━━━ Supplied material ━━━

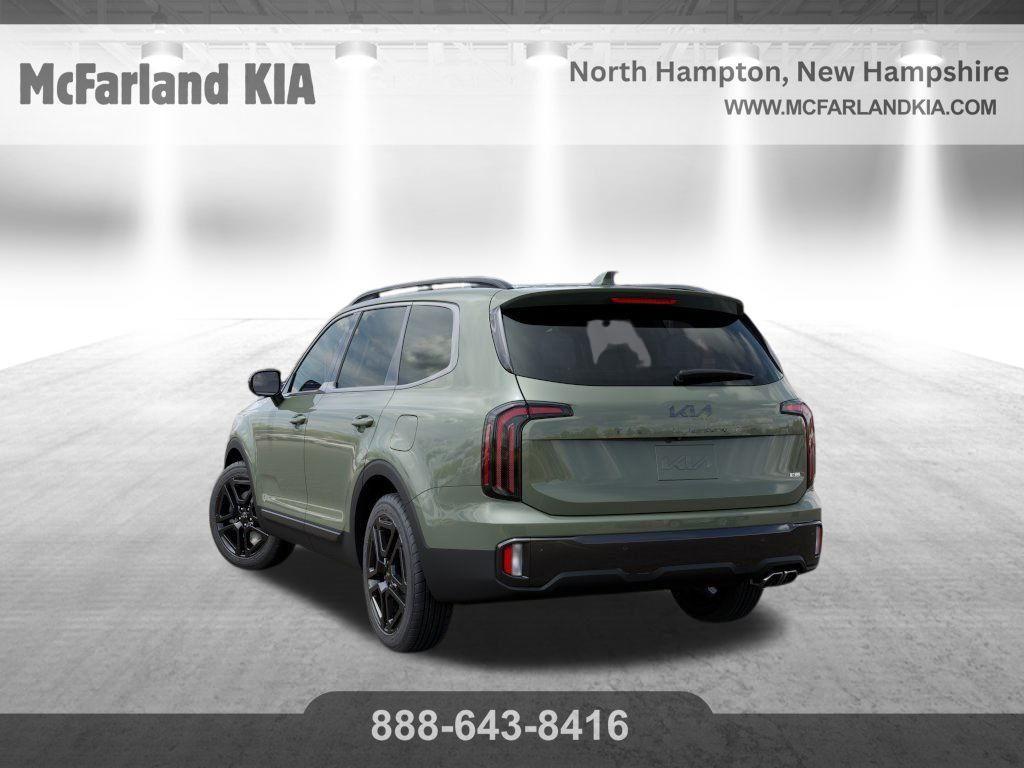 new 2025 Kia Telluride car, priced at $48,453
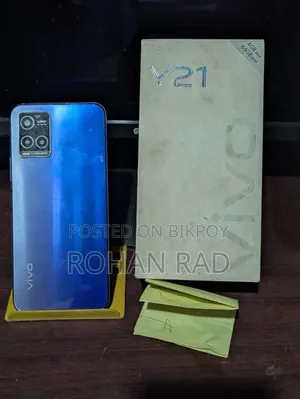 Vivo Y21 64 GB Blue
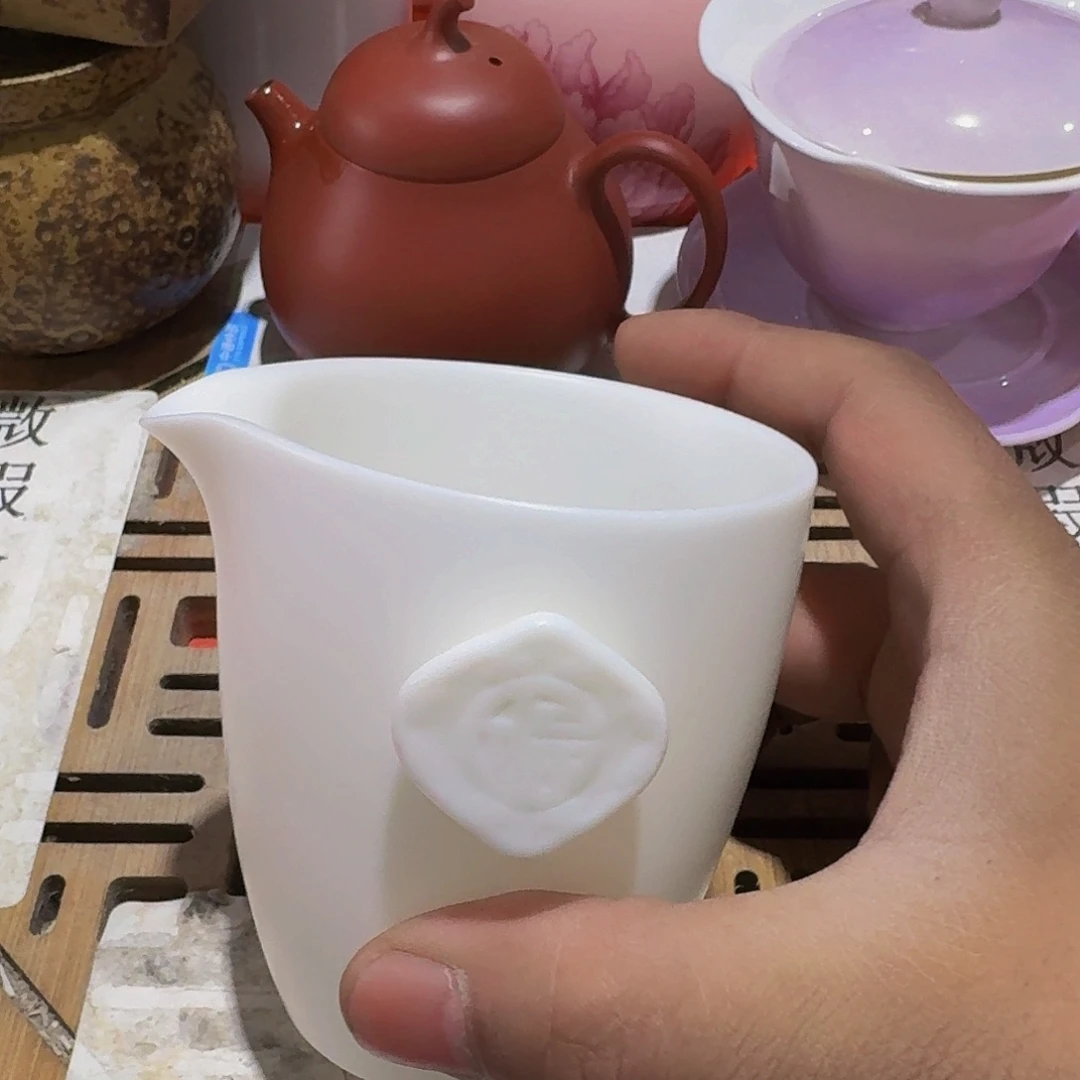 瑕疵茶具，介意勿拍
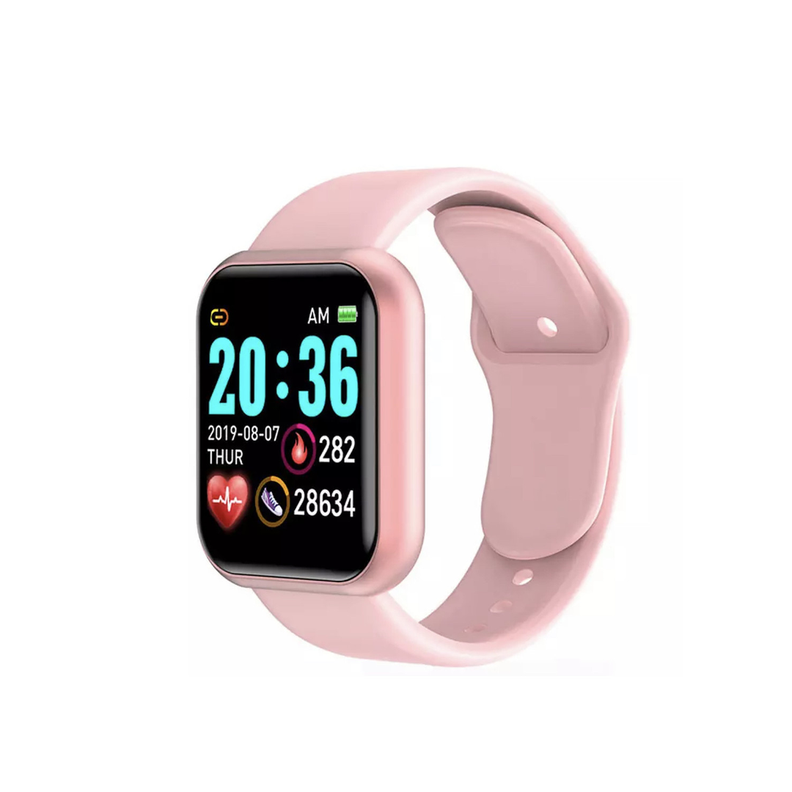 Smartband D20 Rosado-0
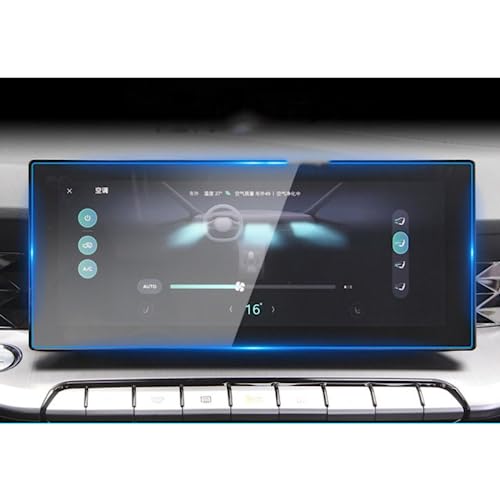 Protection écran MG GT 2022 verre trempé 9H anti-rayures GPS
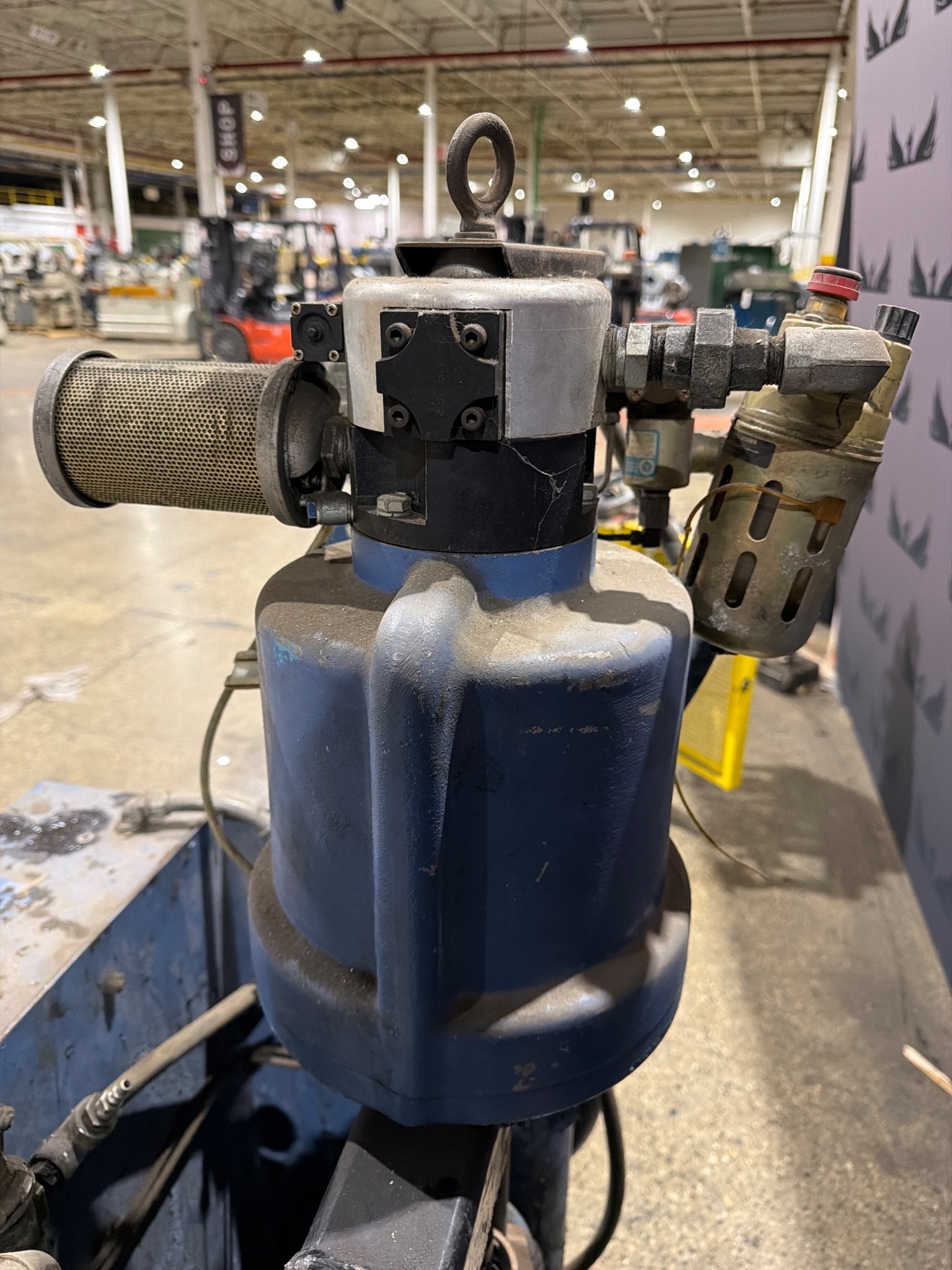 NORDSON 551 Bulk Melter Applicator P/N 324633 480V USED 4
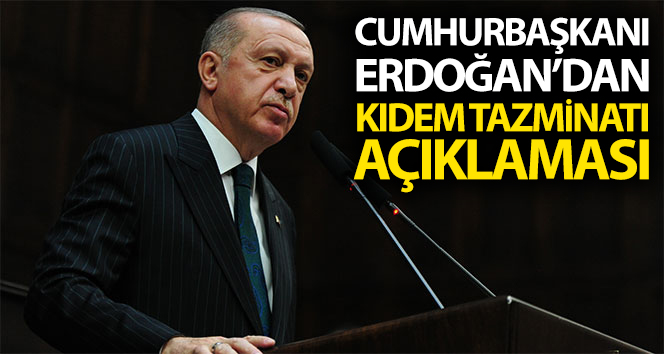 erdogan kidem tazminati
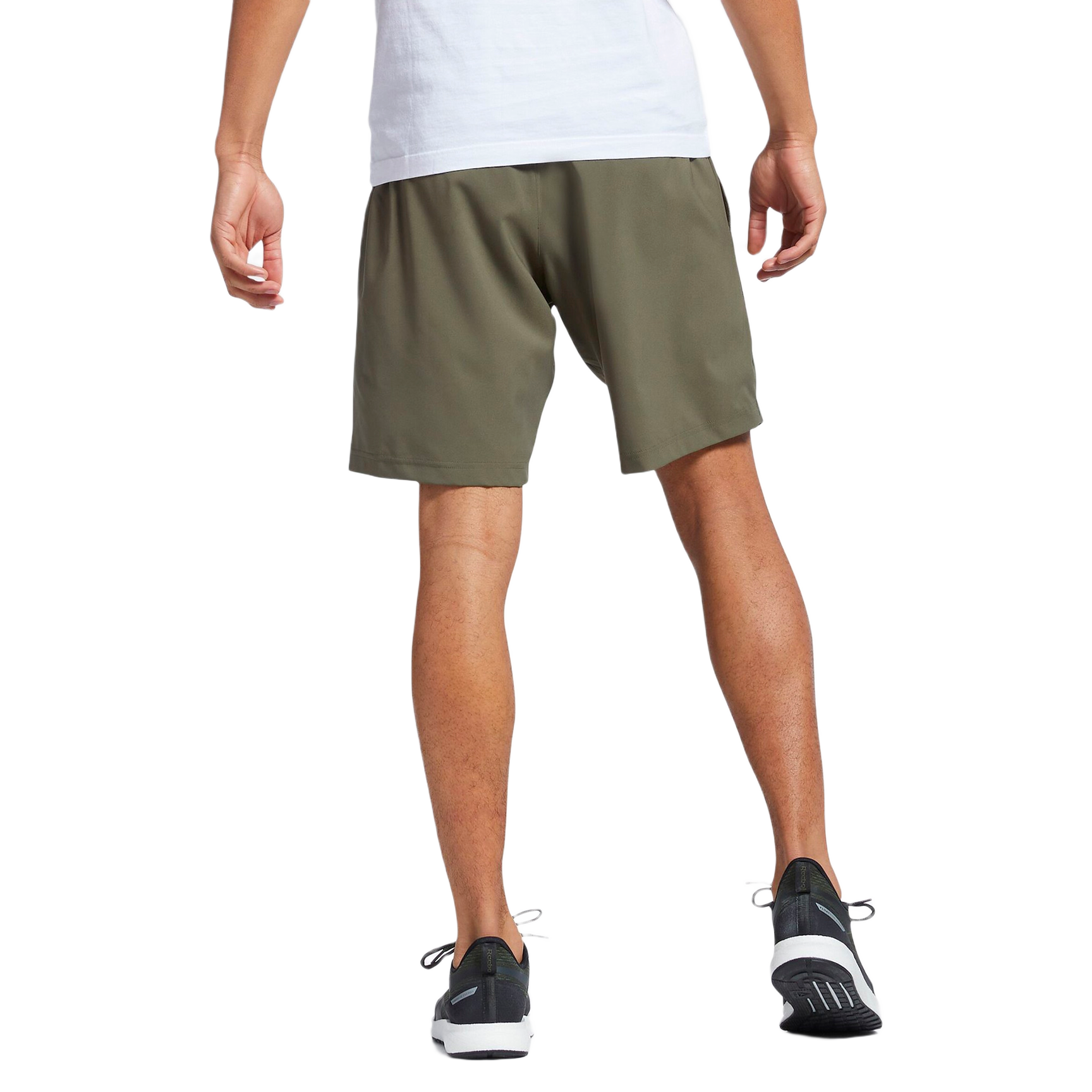 REEBOK SHORT WOVEN 100054209-ARMGRN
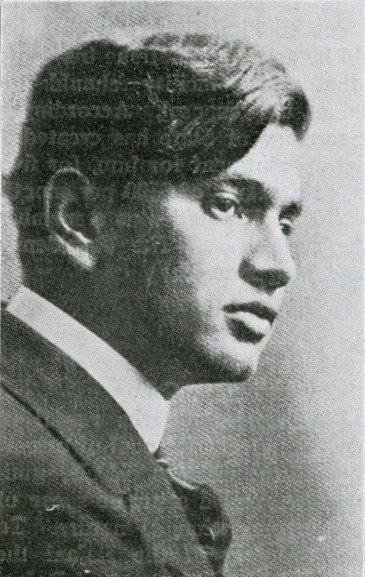 Retrato de Dhan Gopal Mukerji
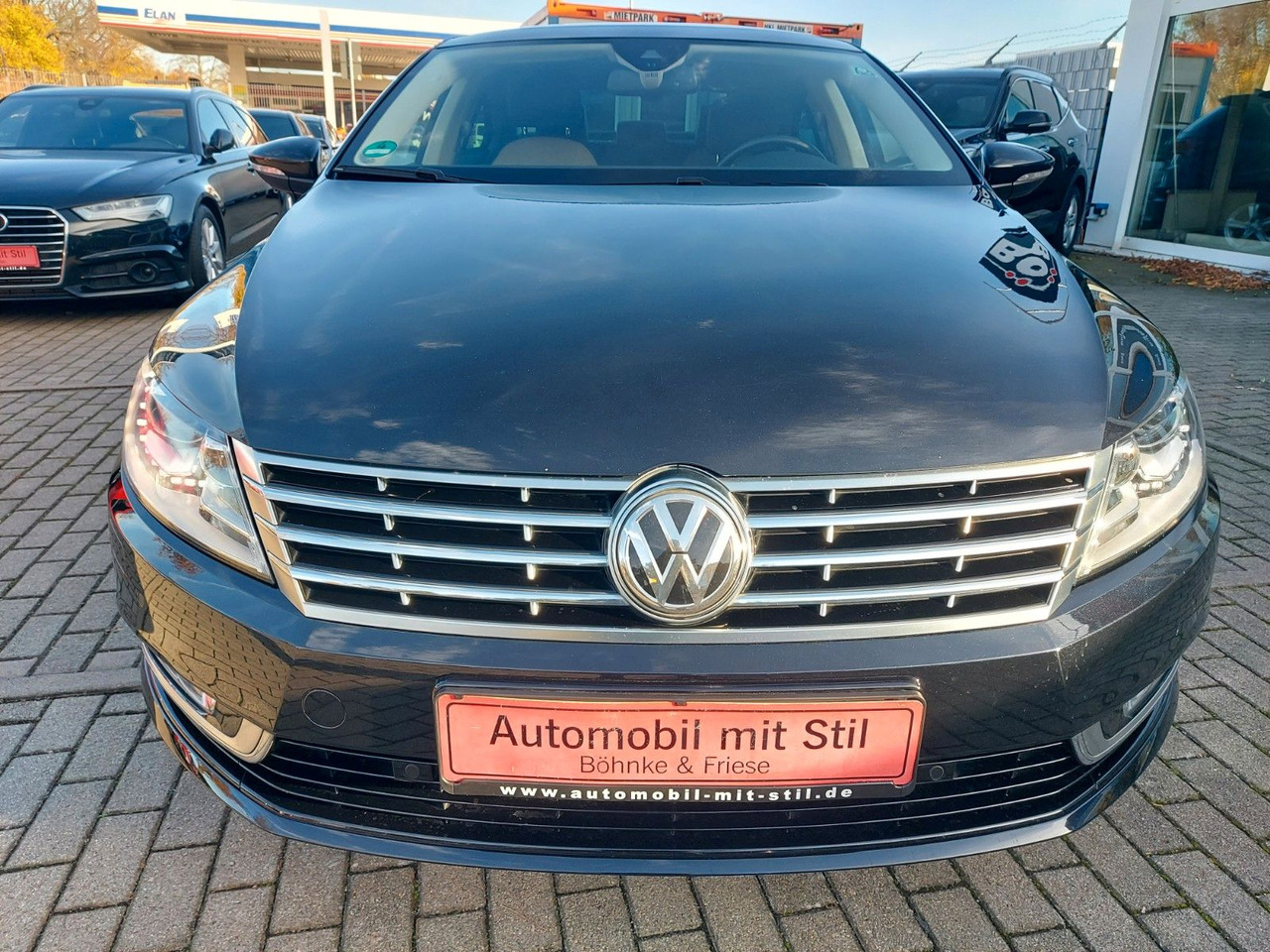 Volkswagen Passat CC DSG Sitzbelüftung ACC Radar Standheiz - Sedan: billede 4 Volkswagen Passat CC DSG Sitzbelüftung ACC Radar Standheiz - Sedan: billede 4
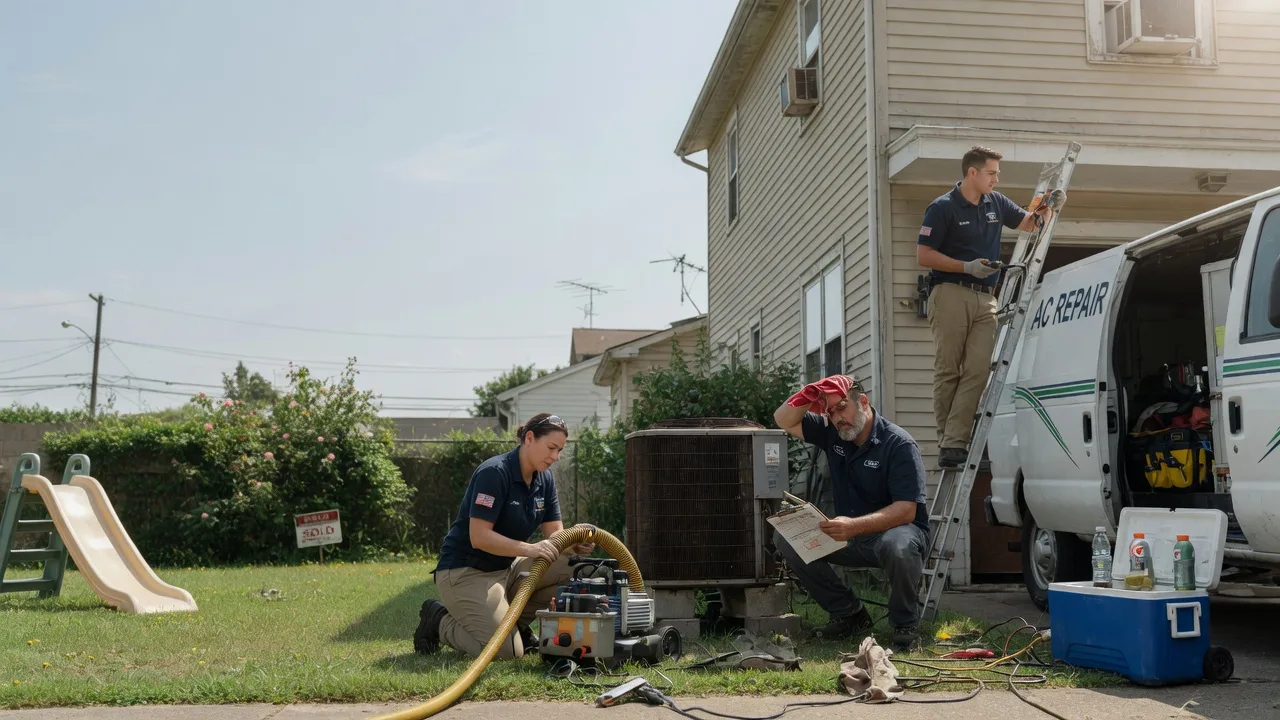 AC Repair in Dayton, WA near me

━━━

- **Exercise requirements**
Beginning with the line that holds "Protection écran MG", return each line through the end of the records above exactly. Do not include pictures.

- **Written reply**
 Protection écran MG GT 2022 verre trempé 9H anti-rayures GPS
 NORDSON 551 Bulk Melter Applicator P/N 324633 480V USED 4
 erdogan kidem tazminati
 REEBOK SHORT WOVEN 100054209-ARMGRN
 Retrato de Dhan Gopal Mukerji
 Volkswagen Passat CC DSG Sitzbelüftung ACC Radar Standheiz - Sedan: billede 4 Volkswagen Passat CC DSG Sitzbelüftung ACC Radar Standheiz - Sedan: billede 4
 AC Repair in Dayton, WA near me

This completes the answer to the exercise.